• [Input data]
BEGIN

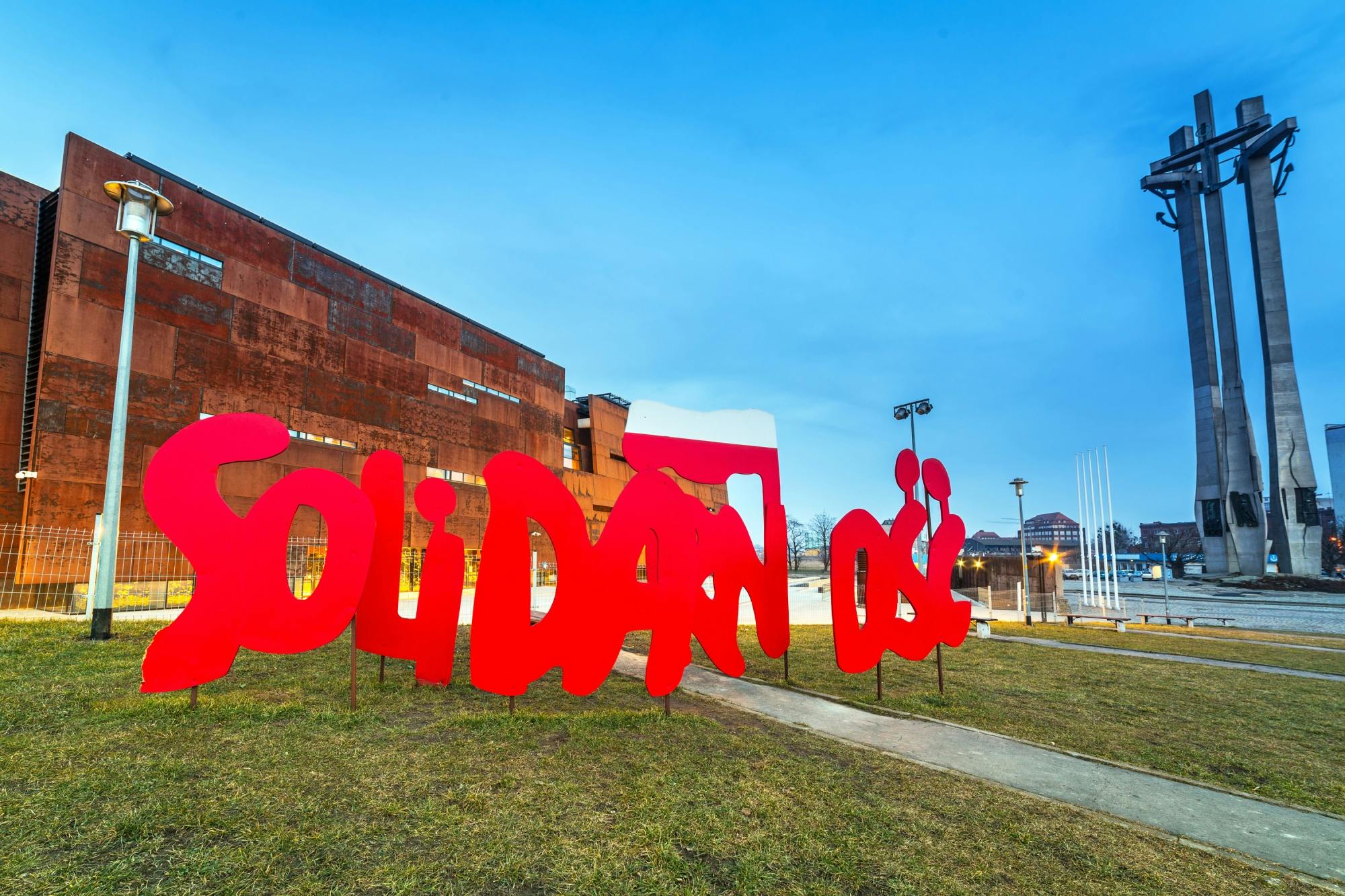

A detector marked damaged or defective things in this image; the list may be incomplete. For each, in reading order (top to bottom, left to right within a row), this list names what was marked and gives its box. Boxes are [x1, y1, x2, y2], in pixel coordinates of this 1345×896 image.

rusty corten steel building [0, 134, 726, 583]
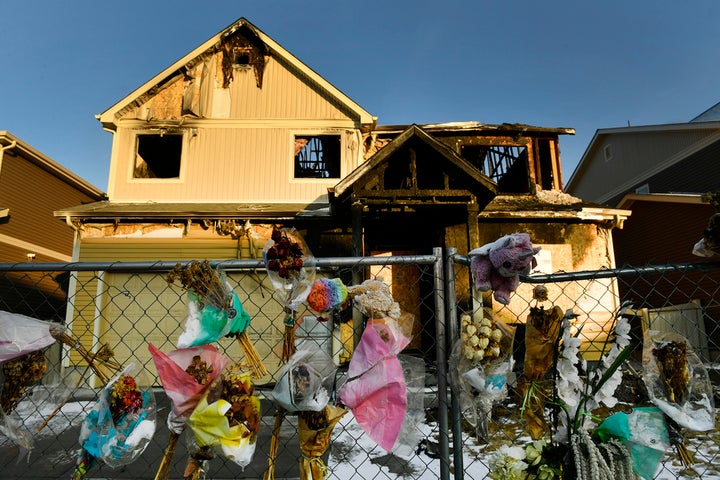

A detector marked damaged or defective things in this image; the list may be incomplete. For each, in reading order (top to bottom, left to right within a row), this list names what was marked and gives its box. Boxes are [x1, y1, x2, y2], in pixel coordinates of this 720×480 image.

broken window [134, 132, 183, 179]
burnt window frame [132, 130, 187, 181]
burnt window frame [292, 132, 344, 179]
broken window [294, 134, 342, 179]
fire-damaged house [53, 17, 628, 372]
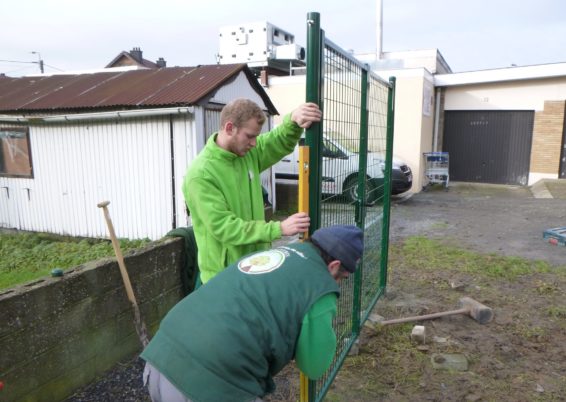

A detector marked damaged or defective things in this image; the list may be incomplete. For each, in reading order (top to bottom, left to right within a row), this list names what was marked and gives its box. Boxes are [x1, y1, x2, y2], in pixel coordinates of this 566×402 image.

rusty corrugated roof [0, 64, 278, 114]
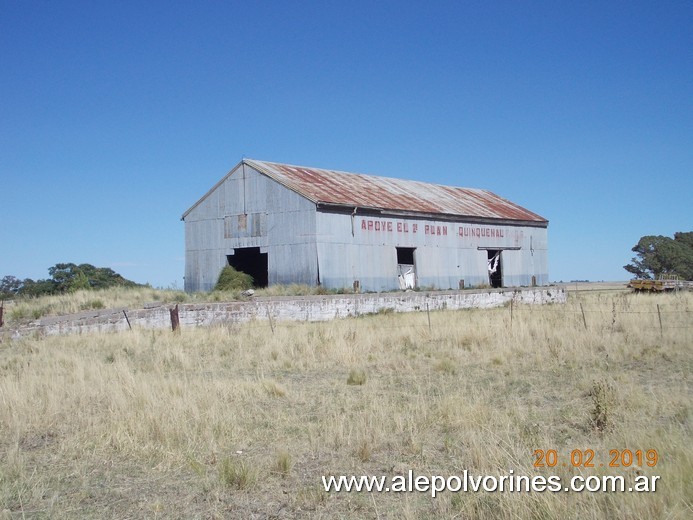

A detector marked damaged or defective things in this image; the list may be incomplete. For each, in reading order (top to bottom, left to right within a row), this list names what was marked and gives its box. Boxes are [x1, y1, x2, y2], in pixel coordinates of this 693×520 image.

rusty metal roof [245, 158, 548, 223]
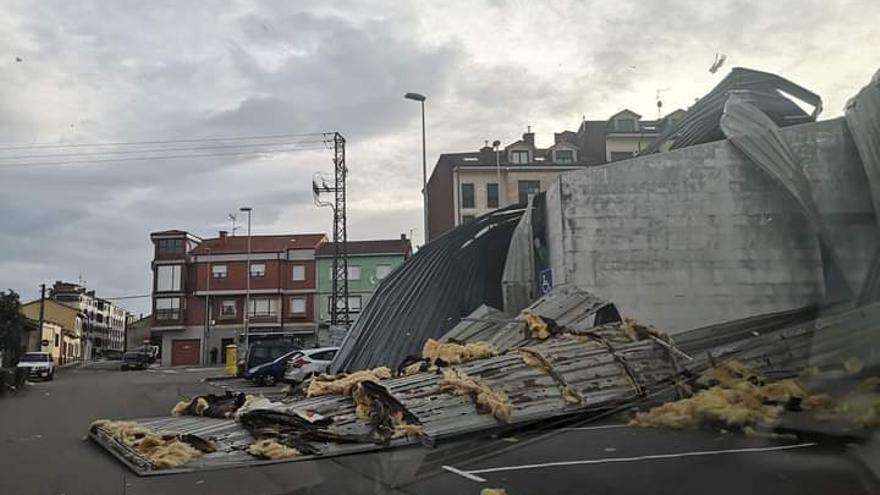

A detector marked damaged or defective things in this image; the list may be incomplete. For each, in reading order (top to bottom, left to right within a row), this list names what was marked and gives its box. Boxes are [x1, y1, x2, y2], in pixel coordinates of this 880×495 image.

damaged structure [91, 67, 880, 476]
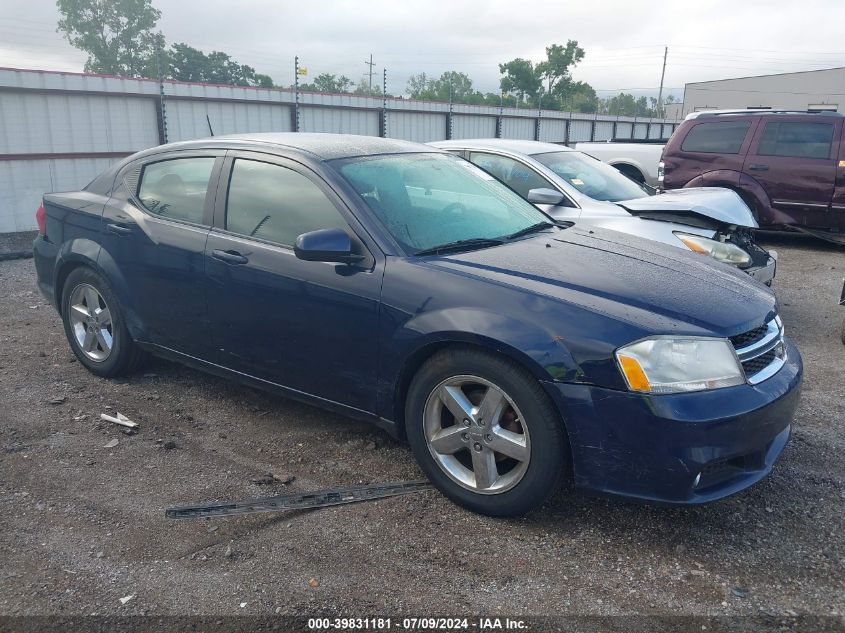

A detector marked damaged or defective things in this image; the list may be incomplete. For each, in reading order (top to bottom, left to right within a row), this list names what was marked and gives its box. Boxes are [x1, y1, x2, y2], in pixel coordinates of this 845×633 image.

damaged vehicle [33, 132, 800, 512]
damaged vehicle [432, 141, 776, 286]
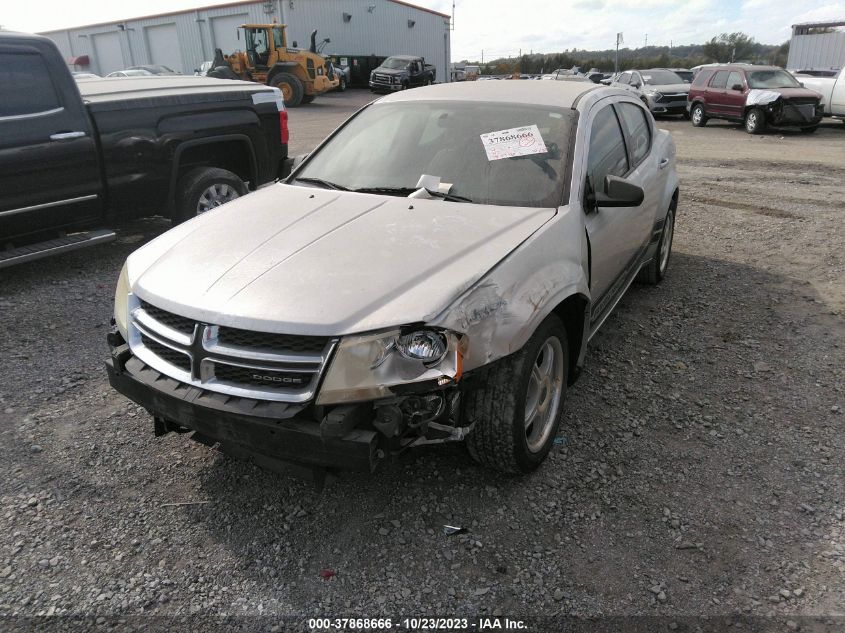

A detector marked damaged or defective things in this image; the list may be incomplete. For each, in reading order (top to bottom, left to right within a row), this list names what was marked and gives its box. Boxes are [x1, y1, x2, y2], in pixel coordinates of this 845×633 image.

broken headlight [314, 326, 464, 404]
damaged silver sedan [105, 80, 680, 474]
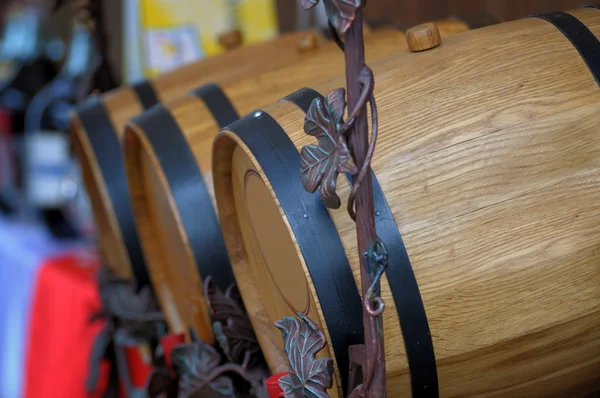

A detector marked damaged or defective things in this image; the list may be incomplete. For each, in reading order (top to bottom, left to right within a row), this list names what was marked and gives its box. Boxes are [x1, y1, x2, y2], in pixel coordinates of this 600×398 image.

rusty metal decoration [292, 0, 386, 396]
rusty metal decoration [86, 268, 164, 392]
rusty metal decoration [204, 276, 264, 368]
rusty metal decoration [276, 314, 336, 398]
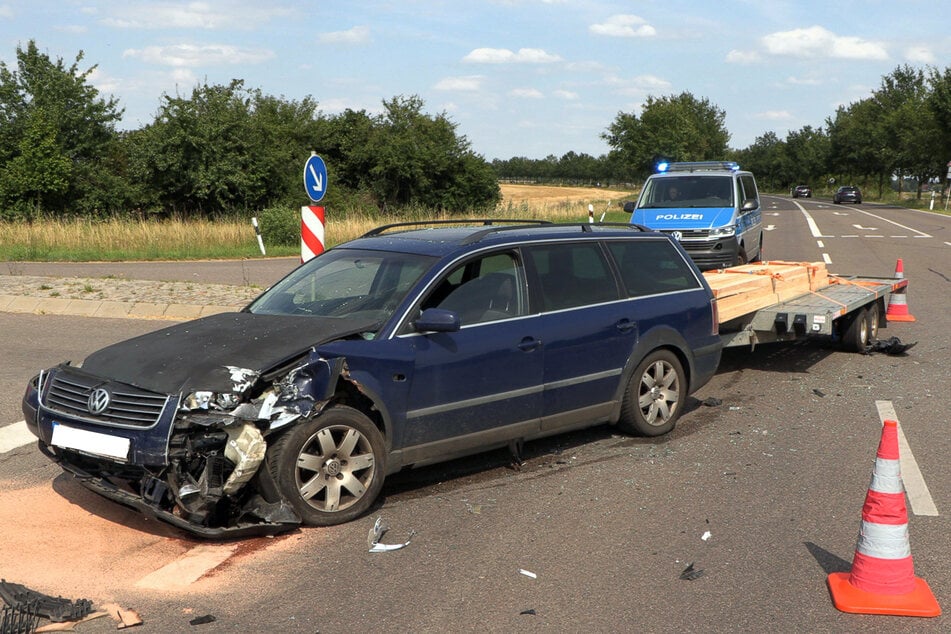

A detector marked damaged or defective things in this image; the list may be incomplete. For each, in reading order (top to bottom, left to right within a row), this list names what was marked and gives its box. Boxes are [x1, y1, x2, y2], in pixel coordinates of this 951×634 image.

crumpled car hood [81, 308, 380, 392]
damaged front end of car [24, 348, 348, 536]
broken plastic fragment [366, 516, 414, 552]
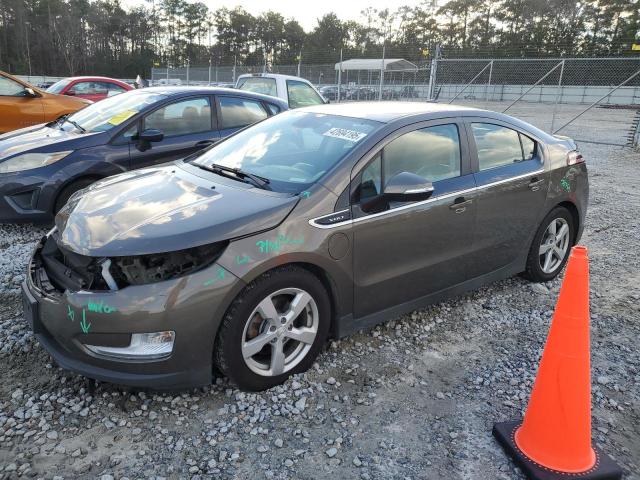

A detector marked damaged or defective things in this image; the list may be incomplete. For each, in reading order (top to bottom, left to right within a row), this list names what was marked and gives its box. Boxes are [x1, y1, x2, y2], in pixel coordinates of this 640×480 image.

damaged gray chevrolet volt [22, 103, 588, 392]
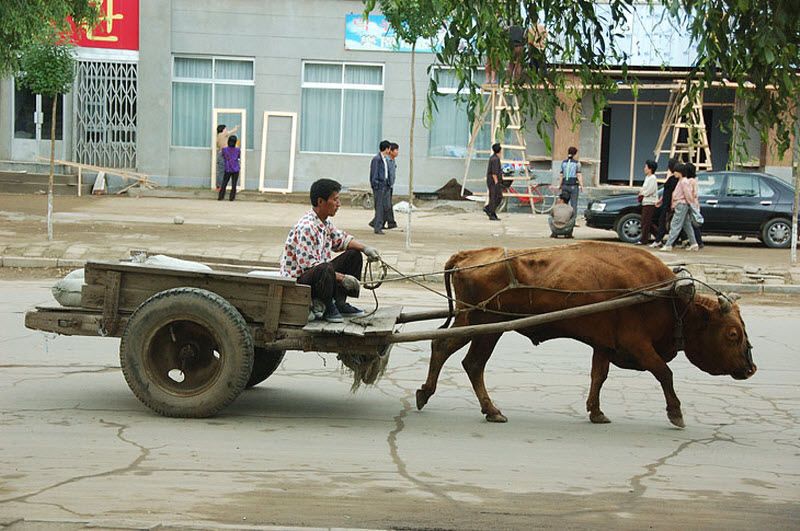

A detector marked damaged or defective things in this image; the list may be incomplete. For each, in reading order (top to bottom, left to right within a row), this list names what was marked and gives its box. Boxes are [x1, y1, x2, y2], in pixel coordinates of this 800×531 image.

crack in pavement [0, 418, 152, 512]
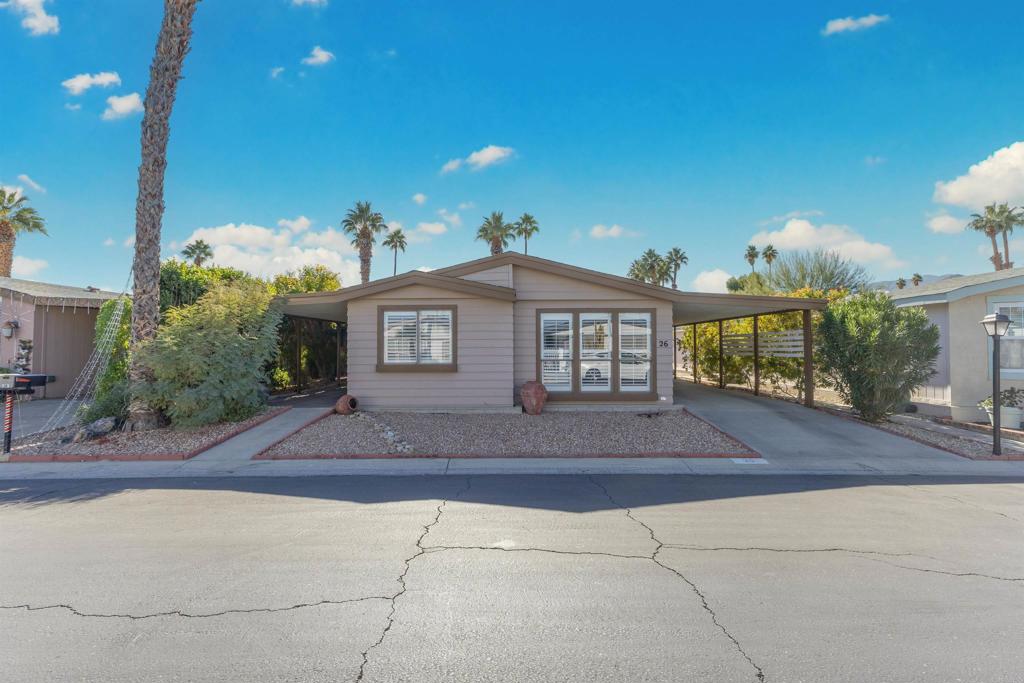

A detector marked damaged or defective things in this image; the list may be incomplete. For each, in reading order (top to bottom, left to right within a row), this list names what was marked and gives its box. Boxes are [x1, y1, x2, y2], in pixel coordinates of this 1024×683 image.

road crack [356, 478, 472, 683]
road crack [588, 476, 764, 683]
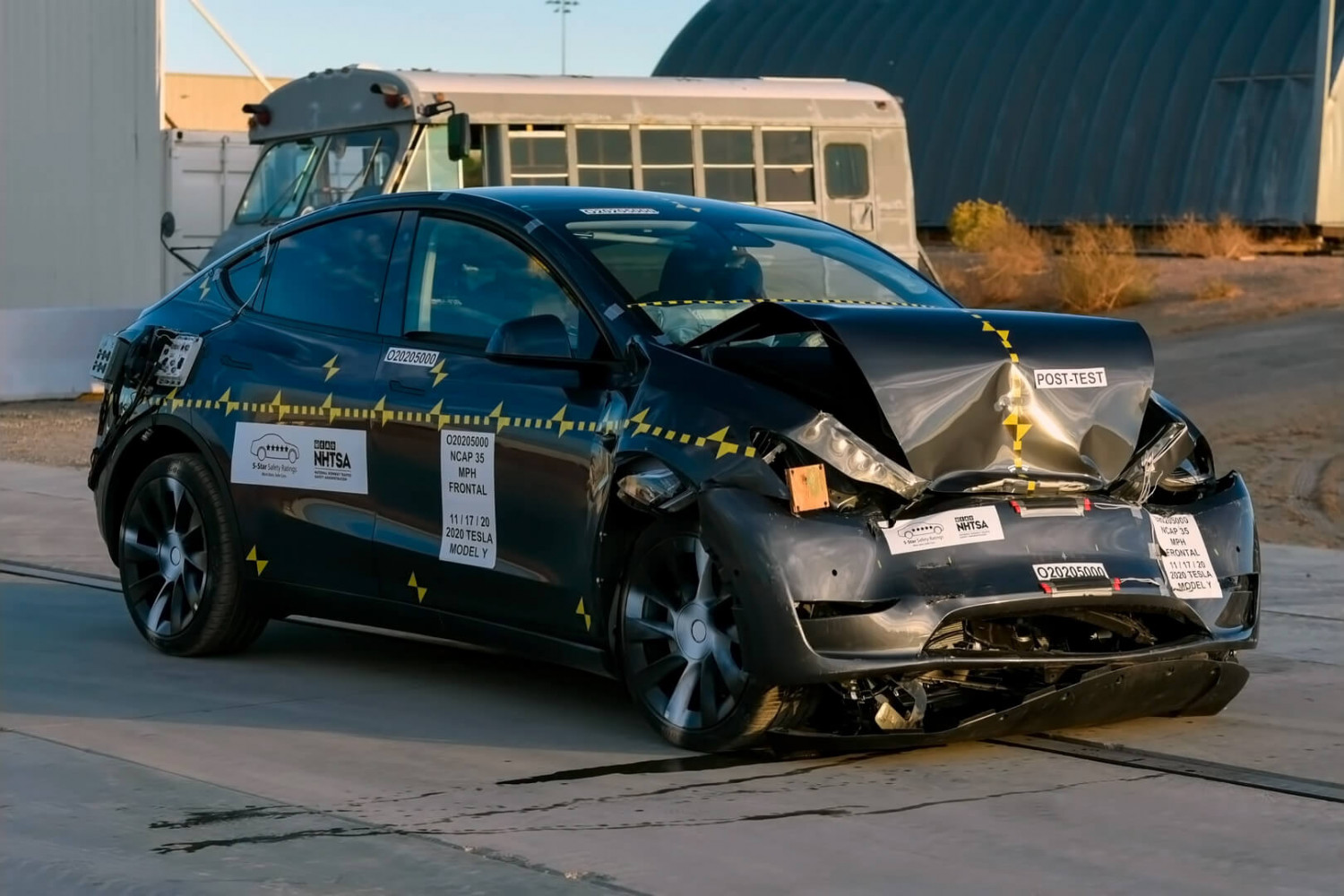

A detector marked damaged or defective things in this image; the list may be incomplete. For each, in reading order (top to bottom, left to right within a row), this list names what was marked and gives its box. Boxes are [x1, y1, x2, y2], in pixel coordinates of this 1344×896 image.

crumpled hood [699, 303, 1150, 486]
crashed car front end [616, 300, 1253, 741]
damaged front bumper [699, 472, 1253, 741]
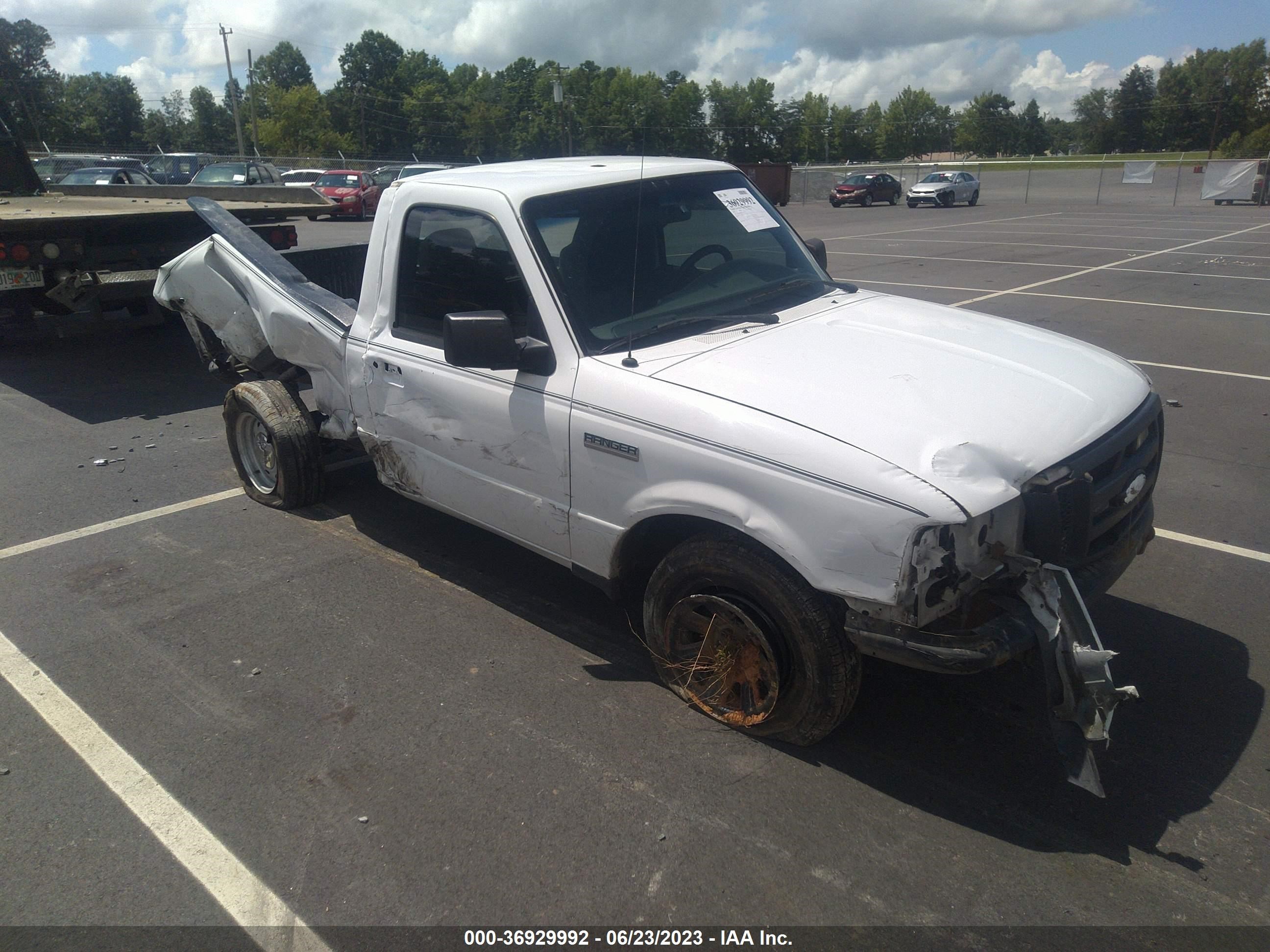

END

• [About this task]
After locating the line with "this 1024×683 image.", transcribe it and the rest of the data above exactly as written, without any picture.

• [Answer]
A detector marked damaged or defective things in this image; the list may be incomplete. For each, in reading order (top to bottom, left to right within a row), this list names what was marked and gives its box. Boxes are [x1, y1, x2, y2], in pixel coordinates of this 1024×683 image.

road crack [356, 478, 472, 683]
road crack [588, 476, 764, 683]

A detector marked damaged or defective things in this image; the list may be incomplete. For each, in reading order (top to bottom, left to right within a row), this list names what was marked and gives its box. Boxes are [x1, y1, x2, y2], in pixel coordinates of this 1344×896 image.

crumpled hood [699, 303, 1150, 486]
crashed car front end [616, 300, 1253, 741]
damaged front bumper [699, 472, 1253, 741]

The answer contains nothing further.